I am a breastfeeding mother and i want to know if it is safe to use Stevia? Is Stevia safe for nursing mother and child? Does Stevia extracts into breast milk? Does Stevia has any long term or short term side effects on infants? Can Stevia influence milk supply or can Stevia decrease milk supply in lactating mothers?

Stevia lactation summary

Stevia is safe in breastfeeding
  • DrLact safety Score for Stevia is 1 out of 8 which is considered Safe as per our analyses.
  • A safety Score of 1 indicates that usage of Stevia is mostly safe during lactation for breastfed baby.
  • Our study of different scientific research also indicates that Stevia does not cause any serious side effects in breastfeeding mothers.
  • Most of scientific studies and research papers declaring usage of Stevia safe in breastfeeding are based on normal dosage and may not hold true for higher dosage.
  • Score calculated using the DrLact safety Version 1.2 model, this score ranges from 0 to 8 and measures overall safety of drug in lactation. Scores are primarily calculated using publicly available case studies, research papers, other scientific journals and publically available data.

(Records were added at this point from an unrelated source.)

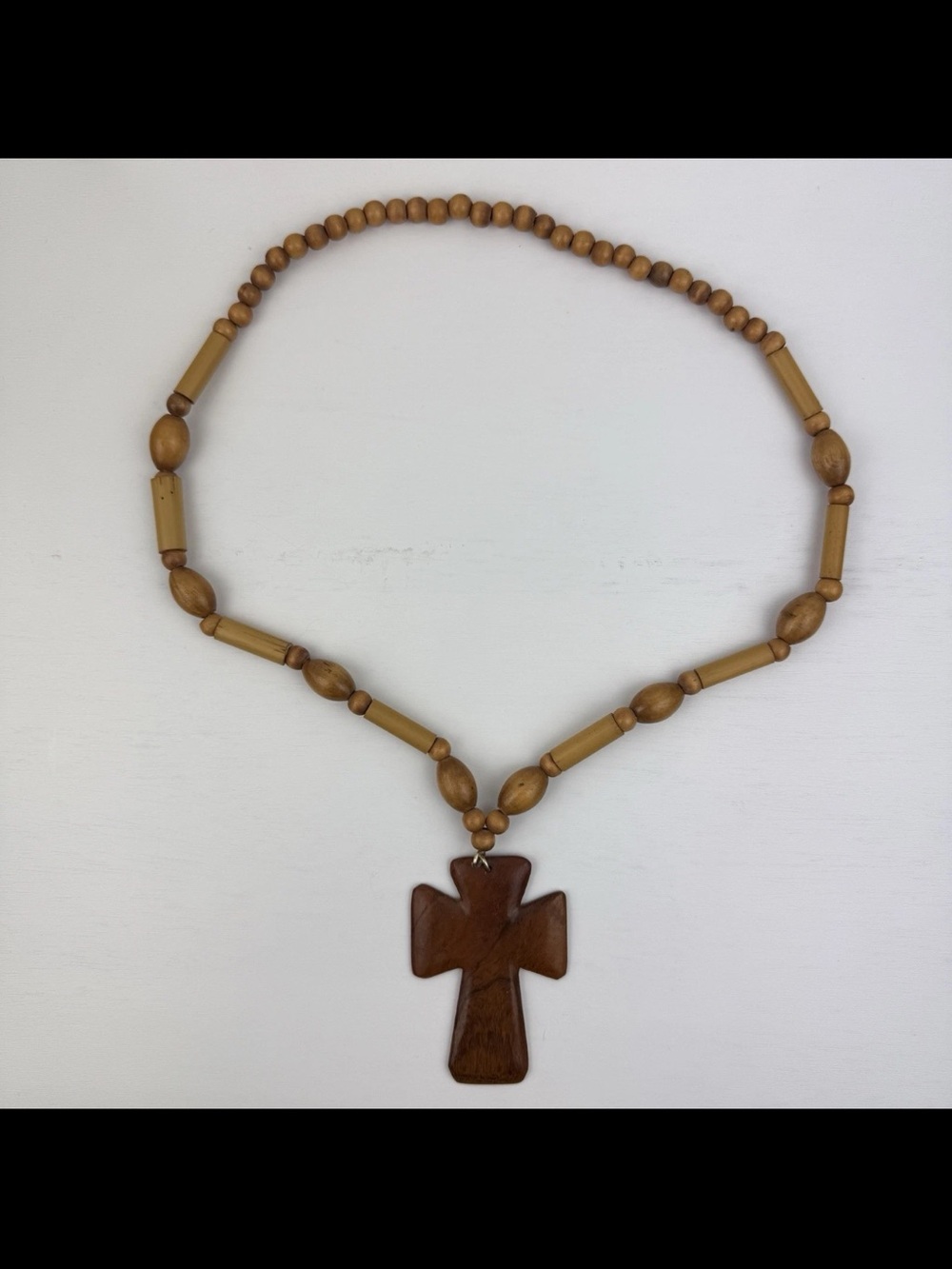 OOAK Antique Vintage Wood Bead Cross Pendant Necklace Crucifix Religious MCM!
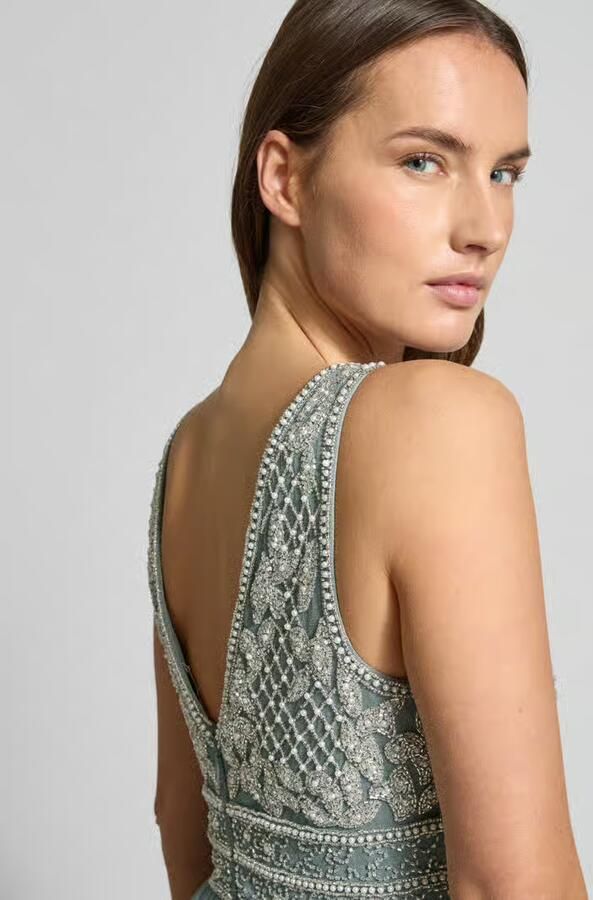 Lace & Beads Avondjurk met kralen en siersteentjes - Foto 2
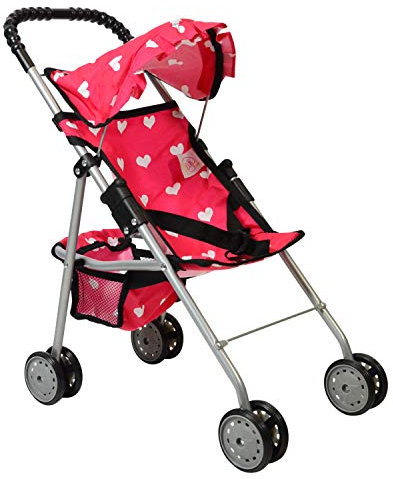The New York Doll Collection My First Doll Stroller with Basket - Baby Doll Pushchair Heart Design Foldable Dolls Pram , Toy Dolls Buggy for 18 Inch Dolls , Pink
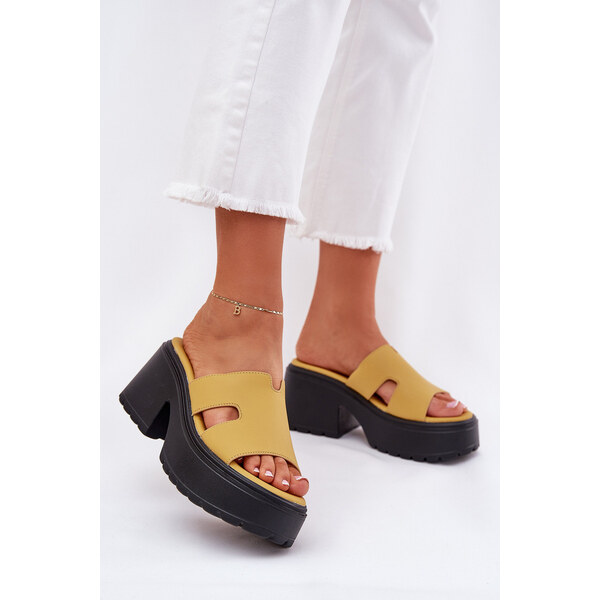 Boto Klapki Damskie Na Platformie I Masywnym Obcasie Żółte Rizana 66661989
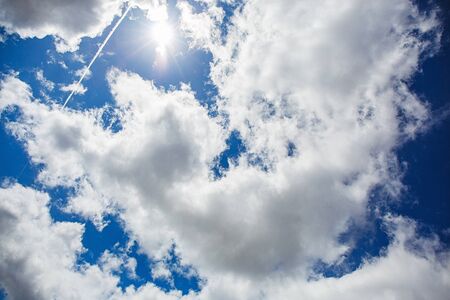 Blue sky background with white clouds in Spainの写真素材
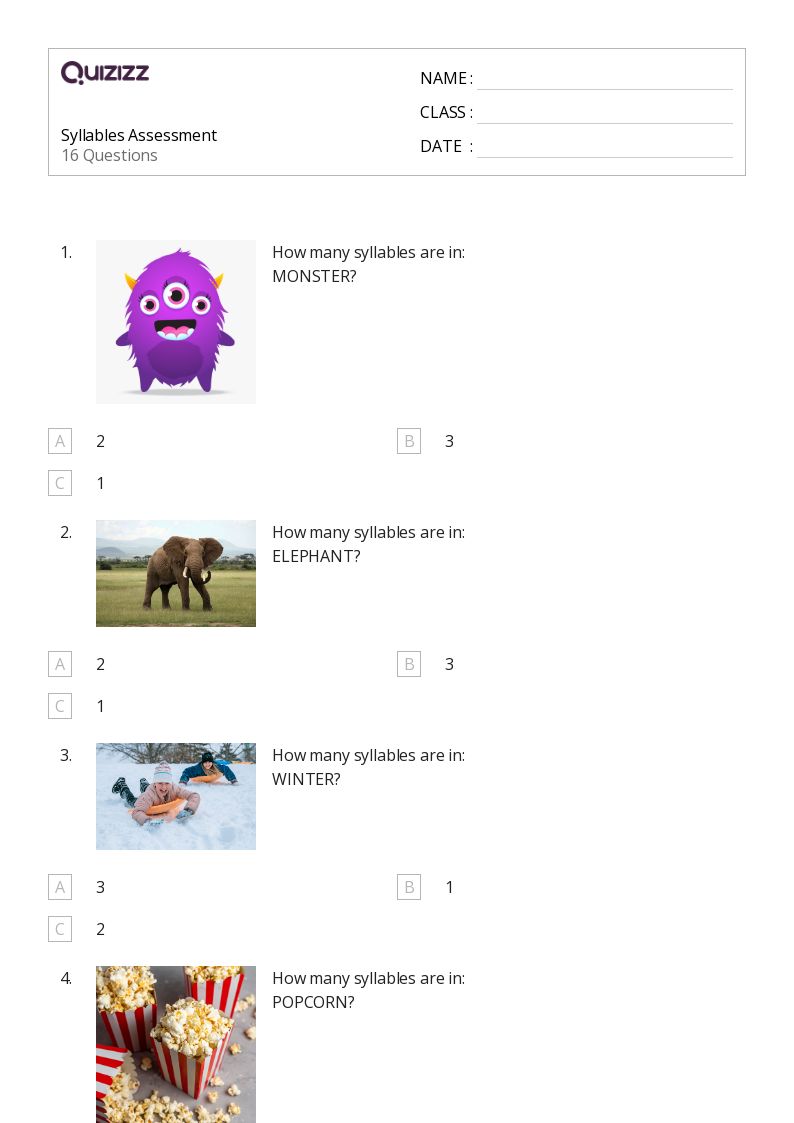 50+ Syllables worksheets for 3rd Grade on Quizizz Free & Printable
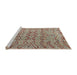 Sideview of Machine Washable Abstract Dark Gold Brown Rug, wshabs4425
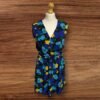 Womens Zara Blue Flower Pattern Slip Dress Elasticated Waisted V Front Size S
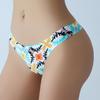 CINOON Women’s Sexy Seamless Thong One Piece Ice Silk Low Rise T‑Back  Pure Desire Printed Sporty G‑String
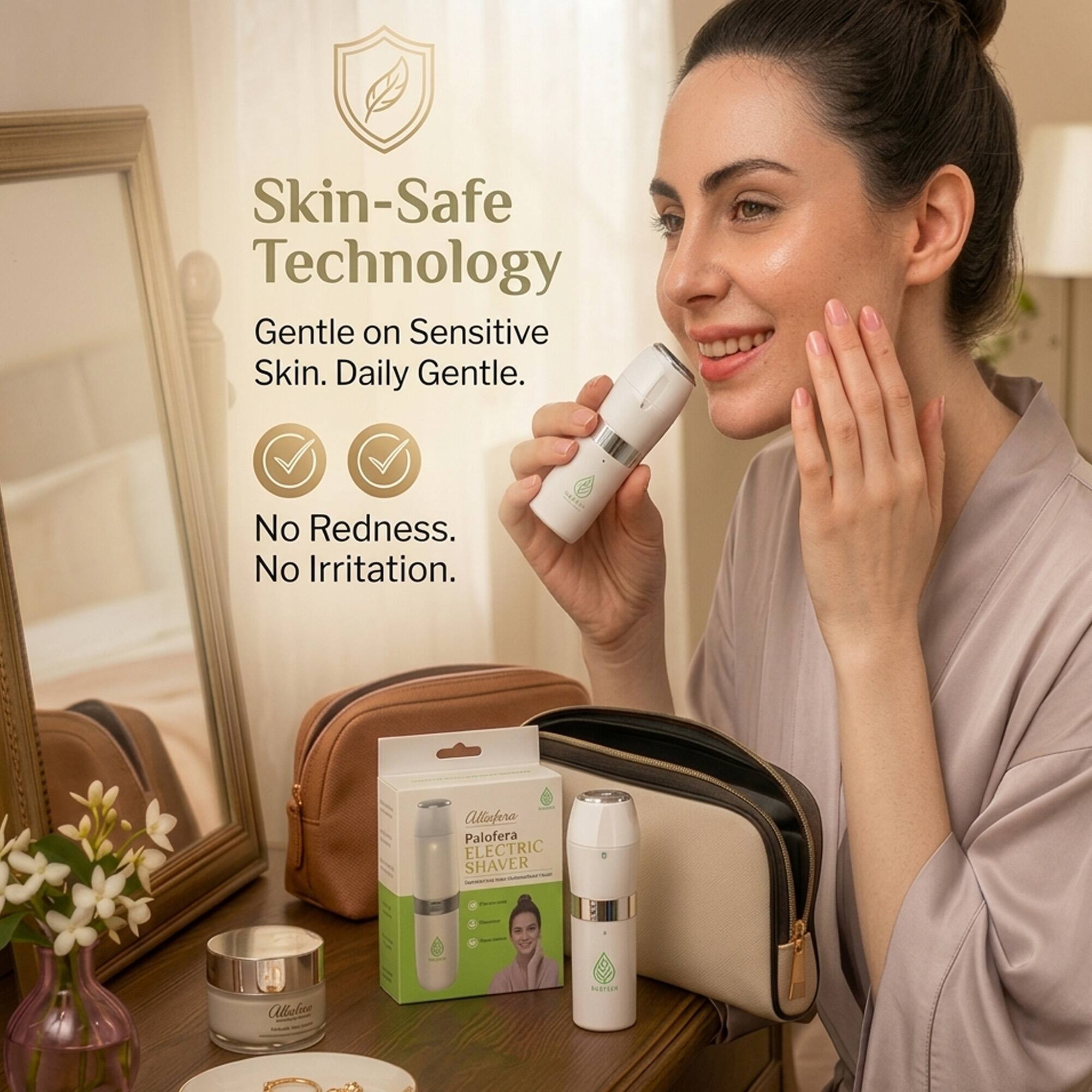 Skin-Safe Technology Gentle on Sensitive Skin. Daily Gentle. No Redness. No Irritation. Allerfero Palofera ELECTRIC SHAVER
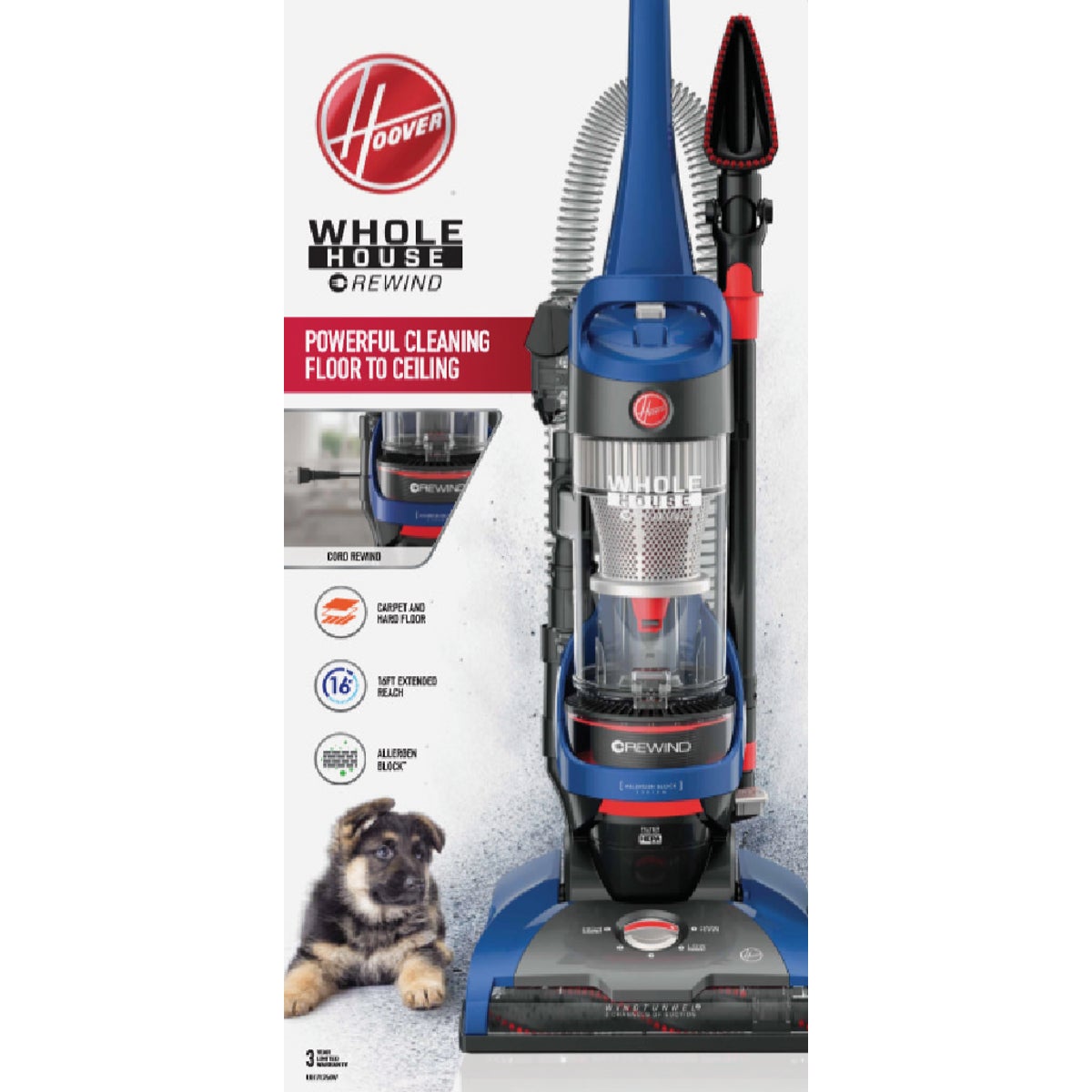 Hoover WindTunnel 2 Whole House Bagless Rewind Upright Vacuum Cleaner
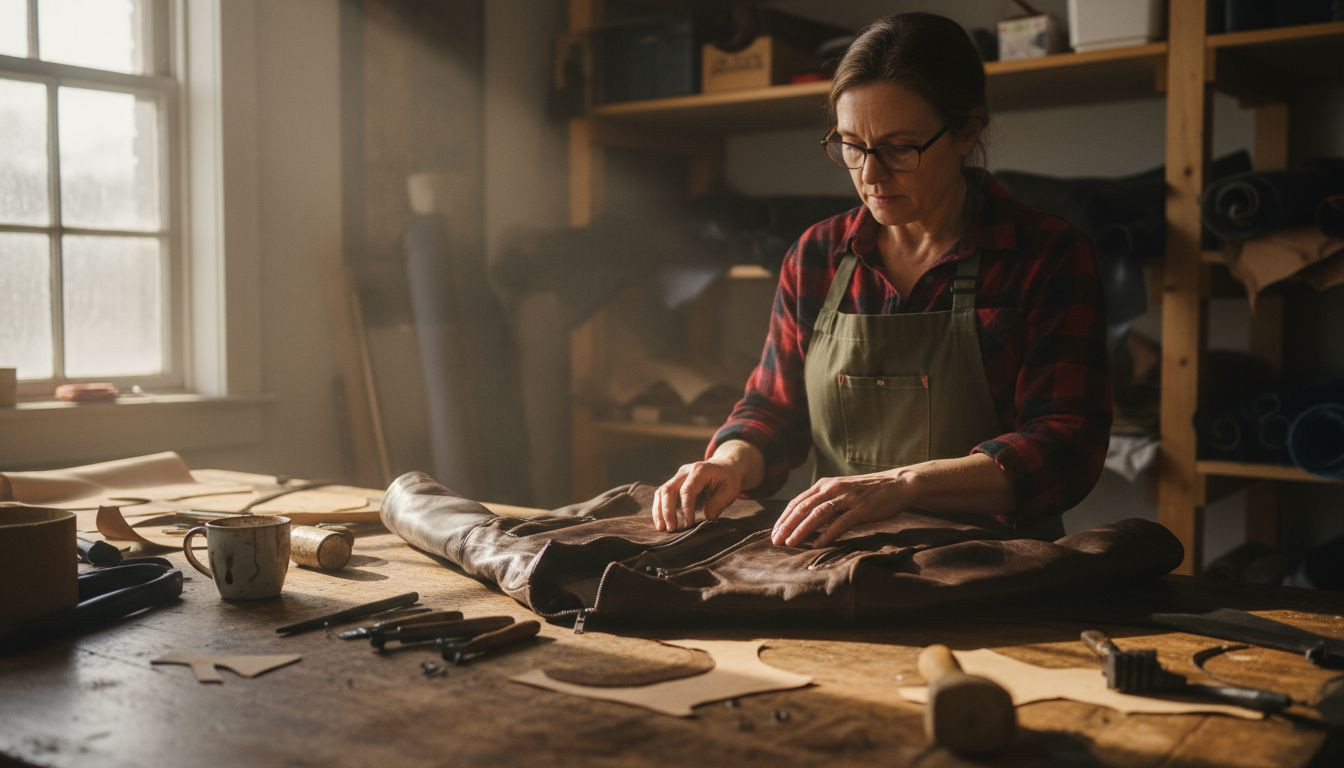 Craftswoman making leather motorcycle jacket workshop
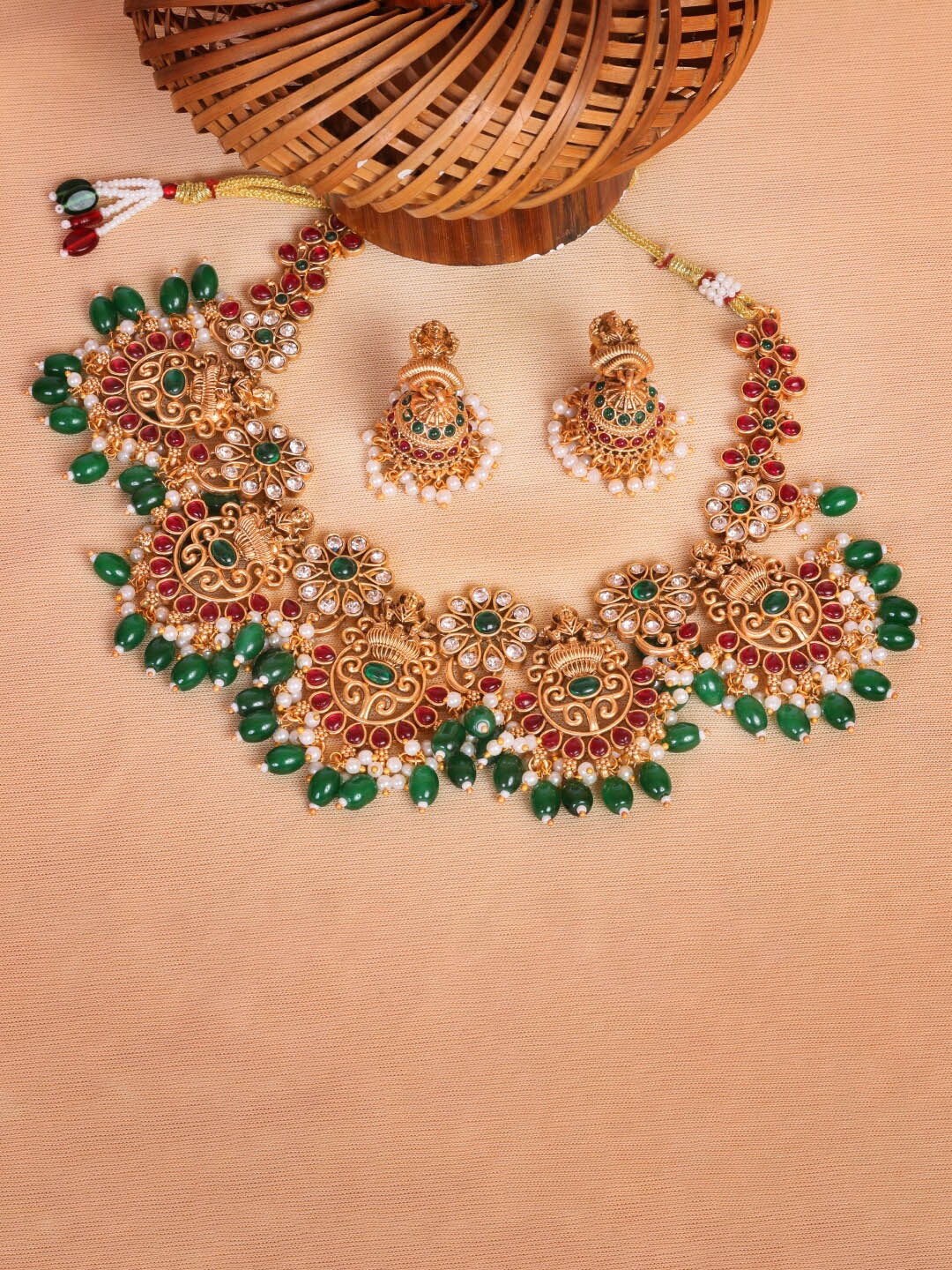 

GRIIHAM Gold-Plated & Green AD Stone-Studded Pearl Beaded Jewellery Set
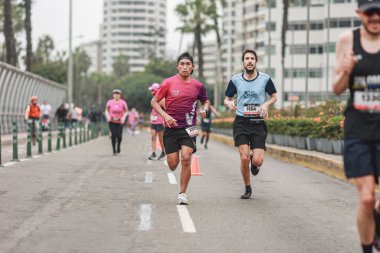 Lima, Peru - 21 Mayıs 2023: Lima Maratonu 42K 2023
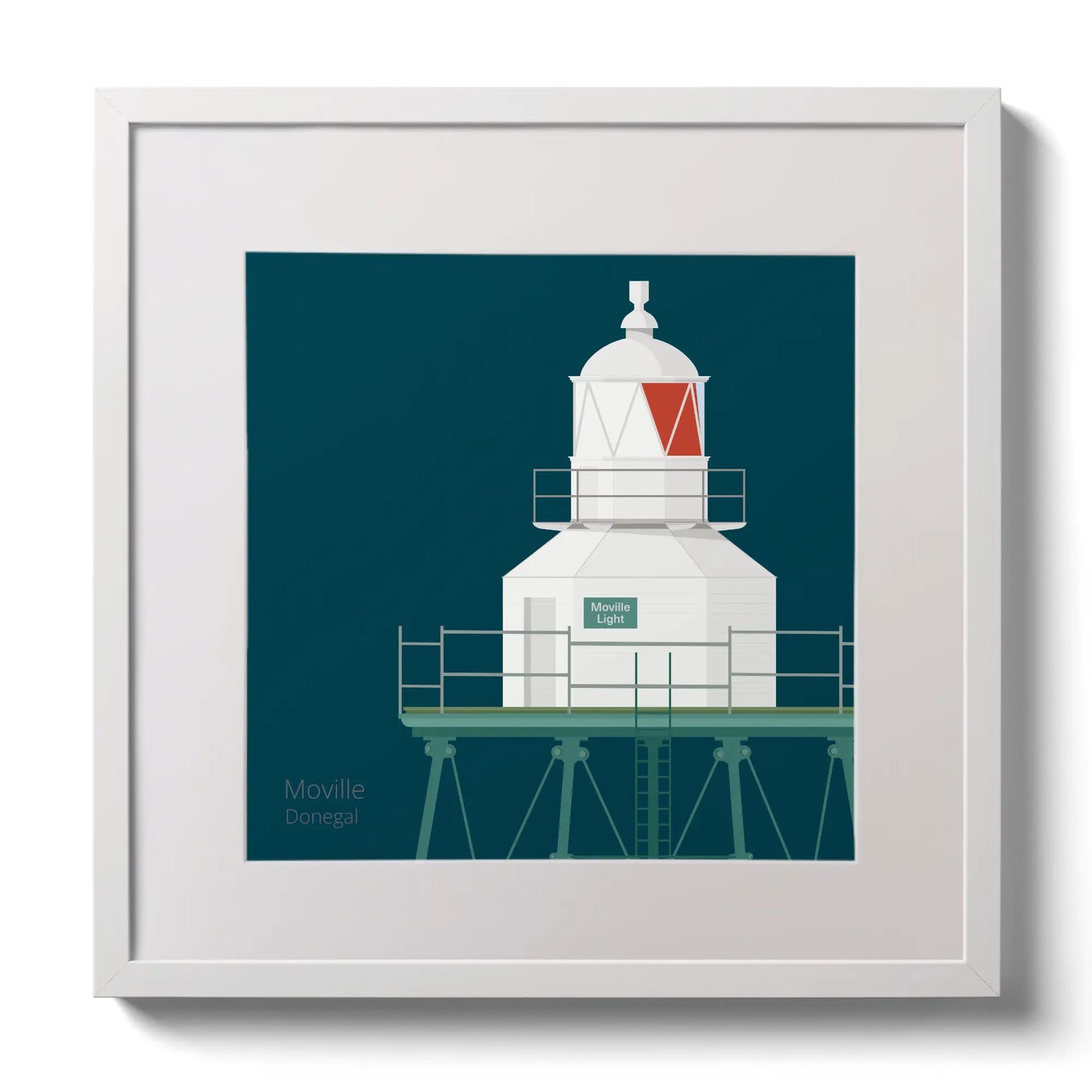 Illustration  Moville lighthouse on a midnight blue background,  in a white square frame measuring 30x30cm.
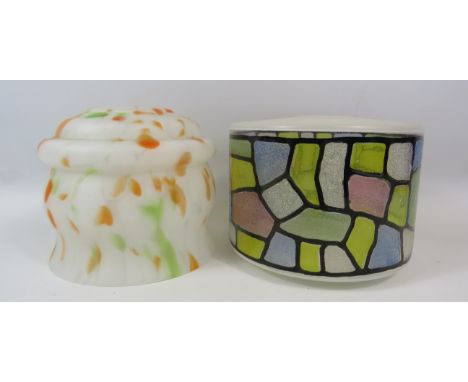2 Art deco glass light shades.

Answer by Dr. Ru: About Stevia usage in lactation

Natural edulcorant. Widely used by people in Sud-America, China and Japan. It has not been clearly shown to be effective for Diabetes and Arterial Hypertension. Free of toxic effects after a dose of one or two daily cups. Maximal daily dose recommended: 4 mg / kg of body weight

Answer by DrLact: About Stevia usage in lactation

Stevia (Stevia rebaudiana) leaves contain rebaudiosides and steviosides. The stevia leaf has been studied for treating diabetes and hypertension, although results are equivocal. Stevia has no specific lactation-related uses. No data exist on the excretion of any components of stevia into breastmilk or on the safety and efficacy of stevia in nursing mothers or infants. Rebaudioside A is "generally recognized as safe" (GRAS) as a sweetening agent for foods by the U.S. Food and Drug Administration. Although risk to the breastfed infant appears to be low, an alternate artificial sweetener with more data available may be preferred, especially while nursing a newborn or preterm infant. Dietary supplements do not require extensive pre-marketing approval from the U.S. Food and Drug Administration. Manufacturers are responsible to ensure the safety, but do not need to the safety and effectiveness of dietary supplements before they are marketed. Dietary supplements may contain multiple ingredients, and differences are often found between labeled and actual ingredients or their amounts. A manufacturer may contract with an independent organization to verify the quality of a product or its ingredients, but that does certify the safety or effectiveness of a product. Because of the above issues, clinical testing results on one product may not be applicable to other products. More detailed information #about dietary supplements# is available elsewhere on the LactMed Web site.
Disclaimer: Information presented in this database is not meant as a substitute for professional judgment. You should consult your healthcare provider for breastfeeding advice related to your particular situation. We do not warrant or assume any liability or responsibility for the accuracy or completeness of the information on this Site.